§ TASK BRIEF:
Print out the data that follows exactly, character for character, apart from the pictures.

── DATASET RECORDS ──

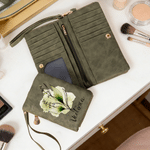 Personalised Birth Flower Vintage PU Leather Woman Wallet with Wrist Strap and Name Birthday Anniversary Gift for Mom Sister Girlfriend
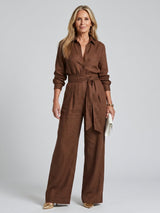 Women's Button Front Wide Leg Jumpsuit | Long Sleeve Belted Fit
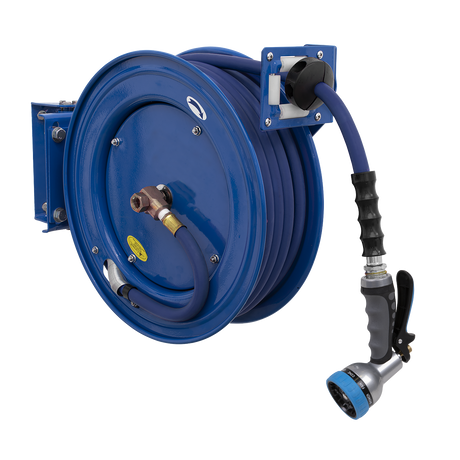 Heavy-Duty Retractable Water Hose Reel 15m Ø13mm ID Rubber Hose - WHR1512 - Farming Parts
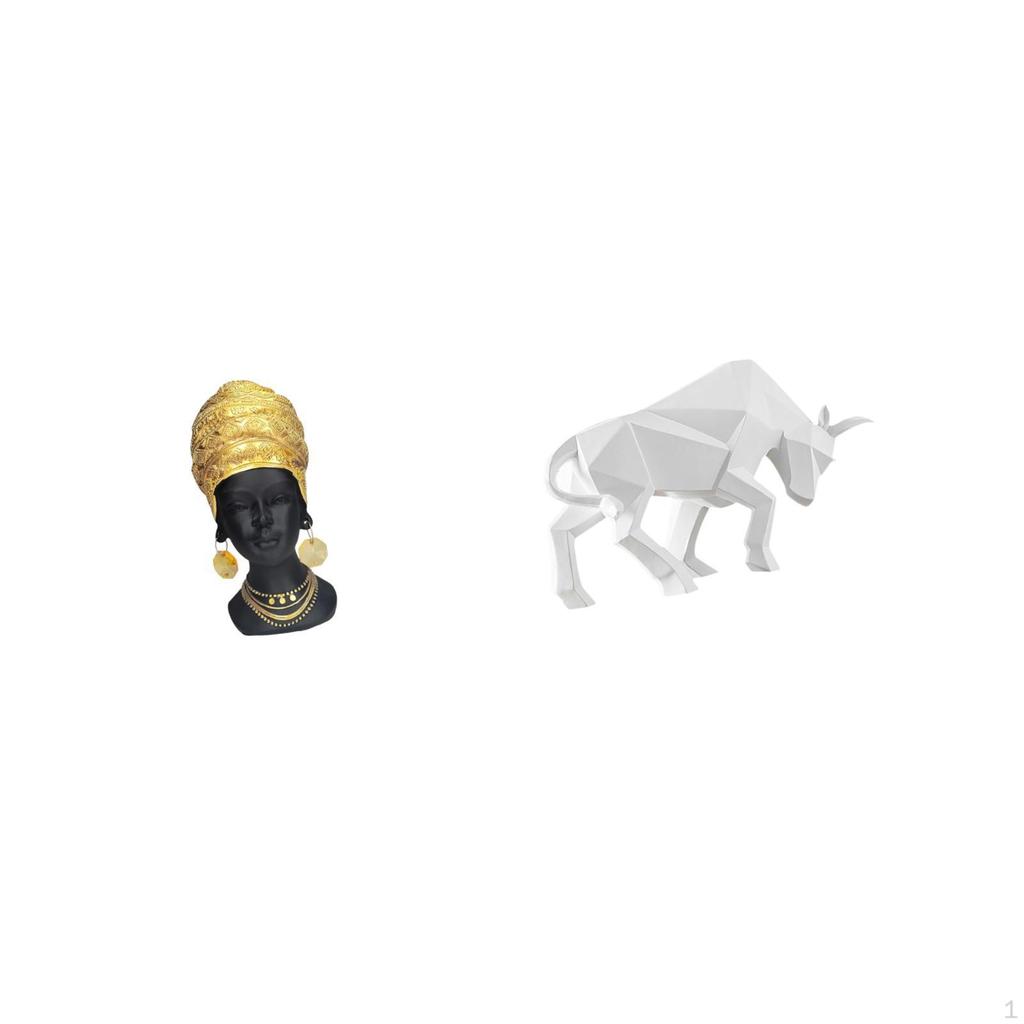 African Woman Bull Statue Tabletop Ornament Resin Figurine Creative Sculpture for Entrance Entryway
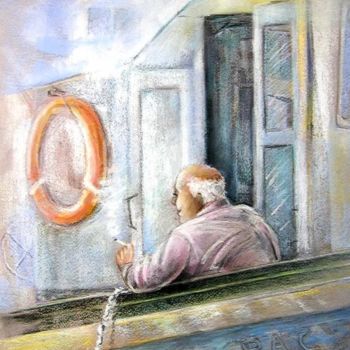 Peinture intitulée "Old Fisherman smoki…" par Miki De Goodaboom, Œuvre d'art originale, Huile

───

§ SOLUTION TO THE EXERCISE:
 Personalised Birth Flower Vintage PU Leather Woman Wallet with Wrist Strap and Name Birthday Anniversary Gift for Mom Sister Girlfriend
 Women's Button Front Wide Leg Jumpsuit | Long Sleeve Belted Fit
 Heavy-Duty Retractable Water Hose Reel 15m Ø13mm ID Rubber Hose - WHR1512 - Farming Parts
 African Woman Bull Statue Tabletop Ornament Resin Figurine Creative Sculpture for Entrance Entryway
 Peinture intitulée "Old Fisherman smoki…" par Miki De Goodaboom, Œuvre d'art originale, Huile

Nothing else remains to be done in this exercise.